Re: Bug (with fix): Neko HTML parser goes on defaults.

2007-05-21 Thread Marcin Okraszewski
> I would suggest that you open a JIRA issue and attach the patch there.
> For this case, there is a similar issue(with patch) at NUTCH-369.

Done - NUTCH-487

Marcin


Re: Bug (with fix): Neko HTML parser goes on defaults.

2007-05-21 Thread Doğacan Güney

Hi,

On 5/21/07, Marcin Okraszewski <[EMAIL PROTECTED]> wrote:

Hi,
The Neko HTML parser set up is done in silent try / catch statement (Nutch 0.9: 
HtmlParser.java:248-259). The problem is that the first feature being set 
thrown an exception. So, the whole setup block is skipped. The catch statement 
does nothing, so probably nobody noticed this.

I attach a patch which fixes this. It was done on Nutch 0.9, but SVN trunk 
contains the same code.

The patch does:
1. Fixes augmentations feature.
2. Removes include-comments feature, because I couldn't find anything similar 
at http://people.apache.org/~andyc/neko/doc/html/settings.html
3. Prints warn message when exception is caught.

Please note that now there goes a lot for messages to console (not log4j log), because 
"report-errors" feature is being set. Shouldn't it be removed?


I would suggest that you open a JIRA issue and attach the patch there.
For this case, there is a similar issue(with patch) at NUTCH-369.



Cheers,
Marcin




--
Doğacan Güney


Bug (with fix): Neko HTML parser goes on defaults.

2007-05-21 Thread Marcin Okraszewski
Hi,
The Neko HTML parser set up is done in silent try / catch statement (Nutch 0.9: 
HtmlParser.java:248-259). The problem is that the first feature being set 
thrown an exception. So, the whole setup block is skipped. The catch statement 
does nothing, so probably nobody noticed this.

I attach a patch which fixes this. It was done on Nutch 0.9, but SVN trunk 
contains the same code. 

The patch does:
1. Fixes augmentations feature.
2. Removes include-comments feature, because I couldn't find anything similar 
at http://people.apache.org/~andyc/neko/doc/html/settings.html
3. Prints warn message when exception is caught.

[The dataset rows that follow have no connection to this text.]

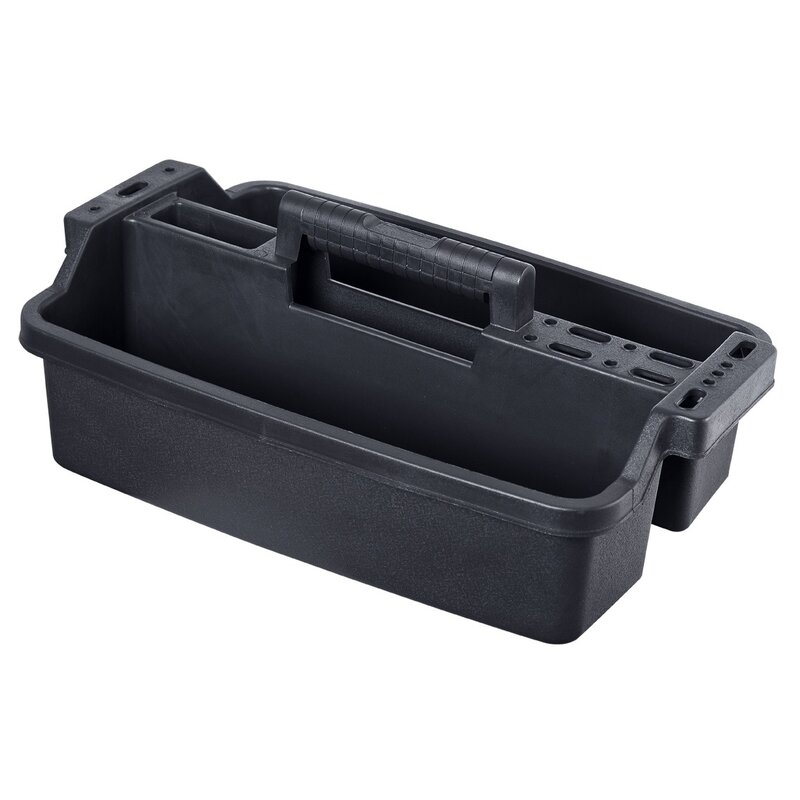 Nosidło narzędziowe PATROL Carriage Premium NOSPRECZAPG001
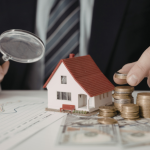 Alex Nabuco Dos Santos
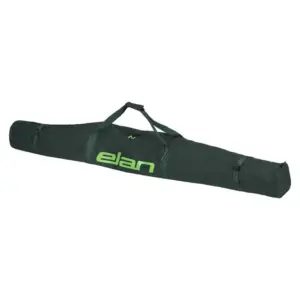 Elan 1p Skitas Zwart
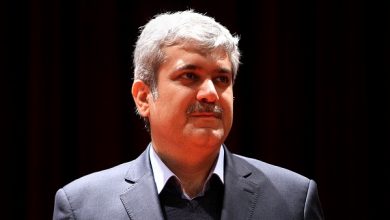 صادرات 450 میلیون دلاری محصولات دانش بنیان به ۶۰ کشور جهان
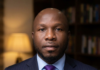 Non-Conviction Based Asset Forfeiture Procedure in Nigeria: Legislative omission and the challenge of evidentiary standards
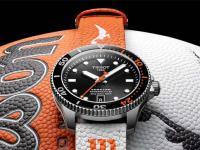 天梭手表外观有划痕解决方法汇总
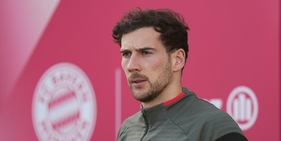 Goretzka fa gola: il Milan tenta il blitz per il colpo a zero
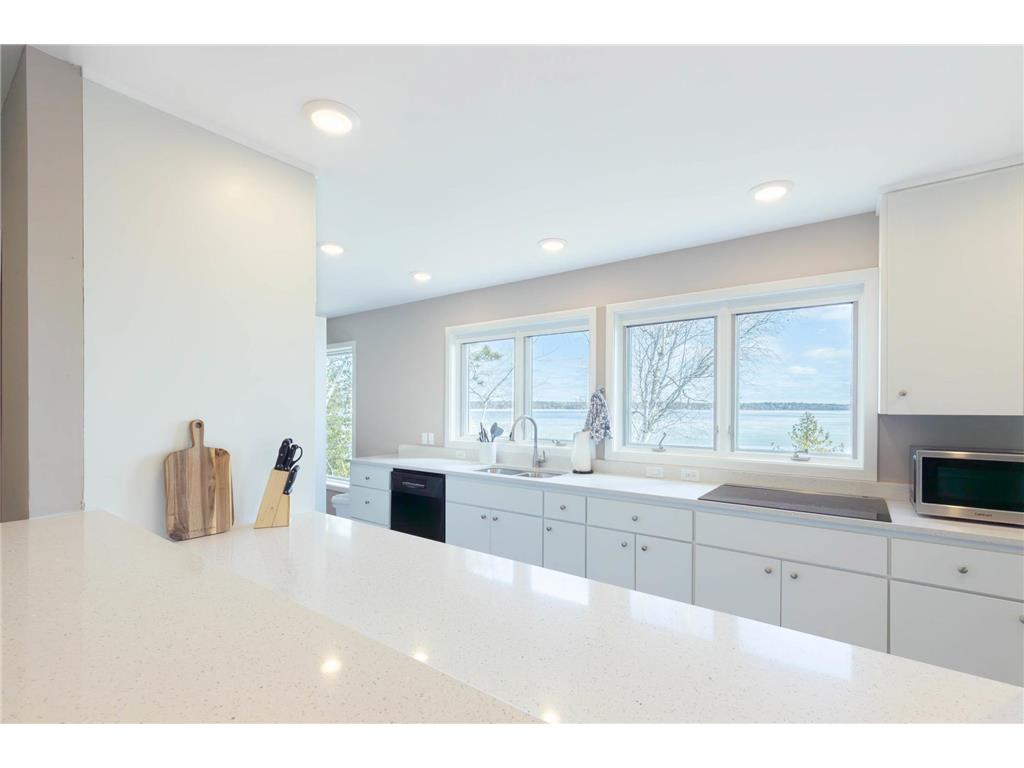 28502 County 37 Lakeport Twp MN 56461 - Kabekona Lake 6674556 image7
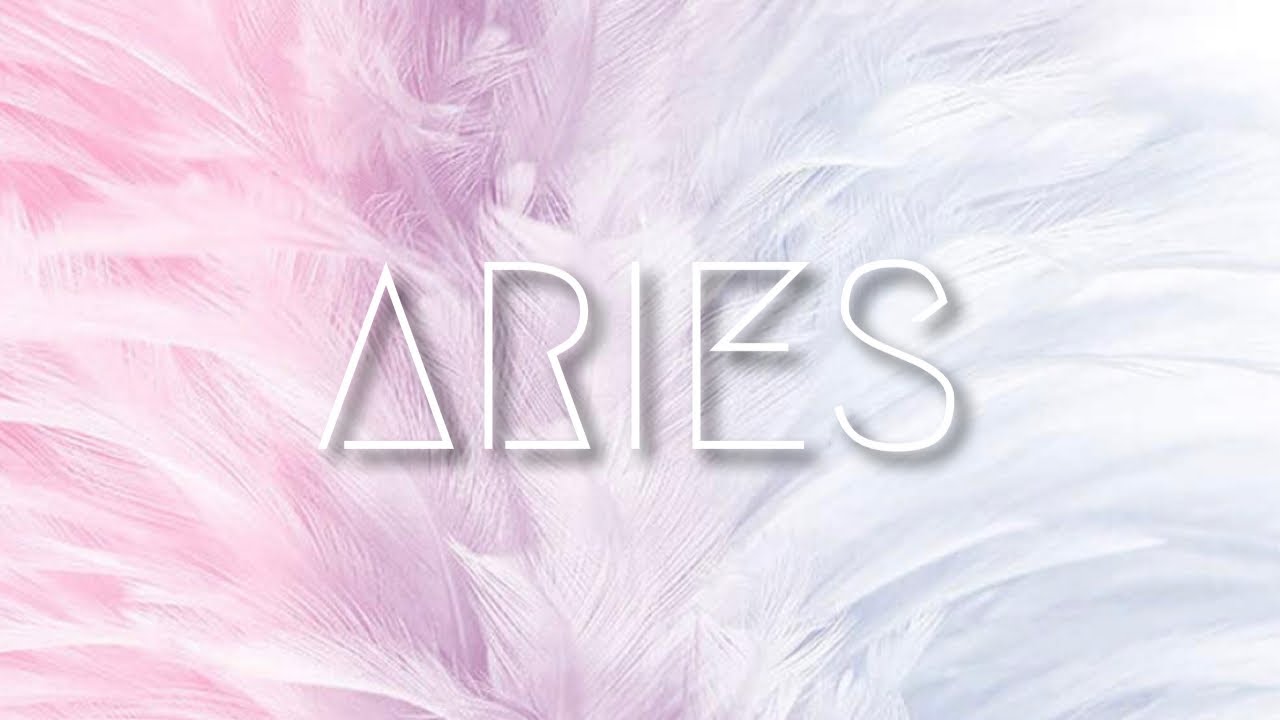Aries | THEY'RE MAD ....BUT CAN'T RESIST YOU! - Aries Tarot Reading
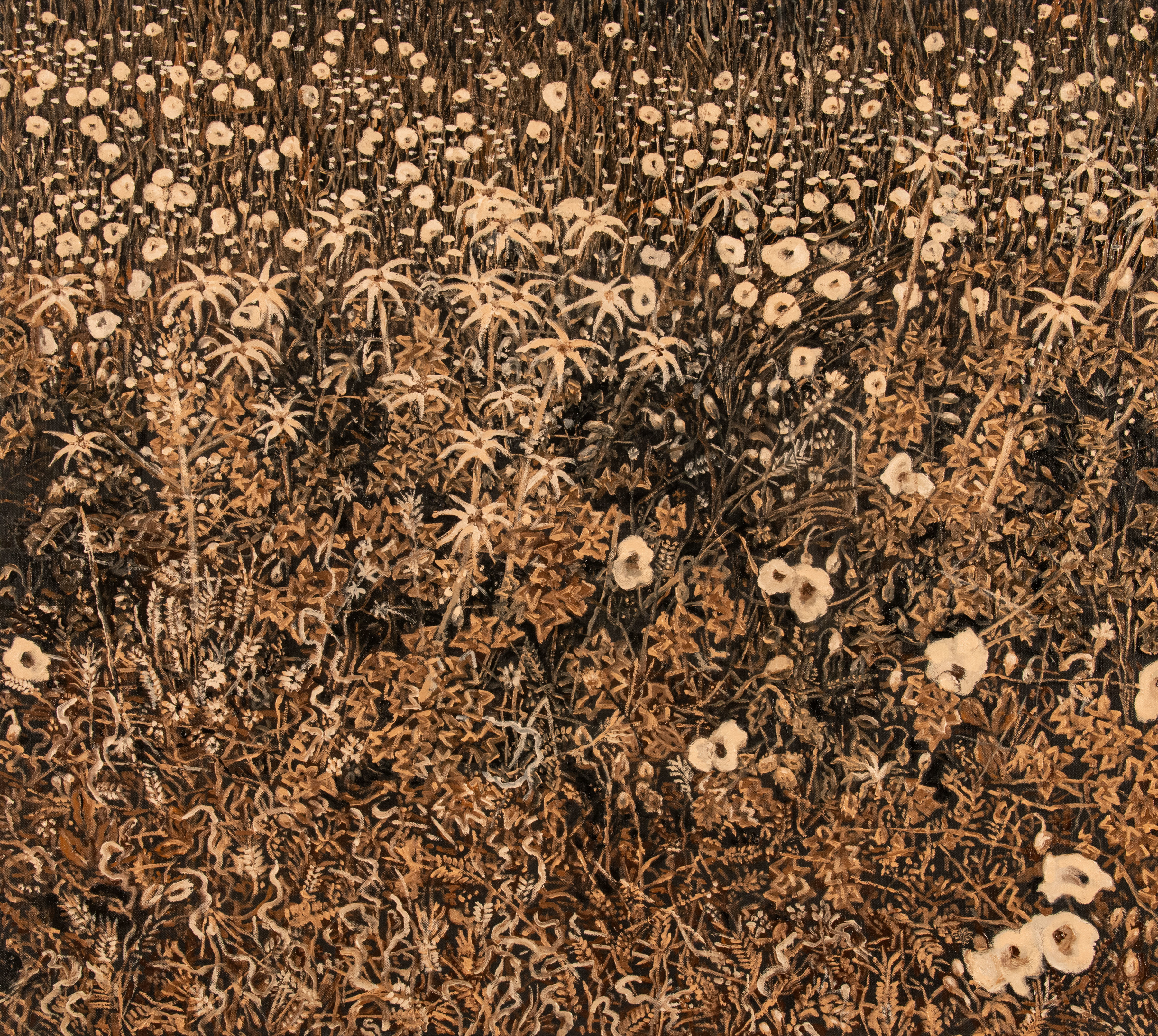 Cris-Worley-Fine-Arts-Gallery-Dallas-Texas-Paul-Manes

Please note that now there goes a lot for messages to console (not log4j log), 
because "report-errors" feature is being set. Shouldn't it be removed?

Cheers,
Marcin--- nutch-0.9/src/plugin/parse-html/src/java/org/apache/nutch/parse/html/HtmlParser.java	2007-04-03 05:44:21.0 +0200
+++ ../nutch-0.9/src/plugin/parse-html/src/java/org/apache/nutch/parse/html/HtmlParser.java	2007-05-21 12:33:46.0 +0200
@@ -246,9 +246,9 @@
 DOMFragmentParser parser = new DOMFragmentParser();
 // some plugins, e.g., creativecommons, need to examine html comments
 try {
-  parser.setFeature("http://apache.org/xml/features/include-comments";, 
-  true);
-  parser.setFeature("http://apache.org/xml/features/augmentations";, 
+//  parser.setFeature("http://apache.org/xml/features/include-comments";, 
+//  true);
+  parser.setFeature("http://cyberneko.org/html/features/augmentations";, 
   true);
   parser.setFeature("http://cyberneko.org/html/features/balance-tags/ignore-outside-content";,
   false);
@@ -256,7 +256,9 @@
   true);
   parser.setFeature("http://cyberneko.org/html/features/report-errors";,
   true);
-} catch (SAXException e) {}
+} catch (SAXException e) {
+	LOG.warn("Exception while setting Neko parser settings.", e);
+}
 // convert Document to DocumentFragment
 HTMLDocumentImpl doc = new HTMLDocumentImpl();
 doc.setErrorChecking(false);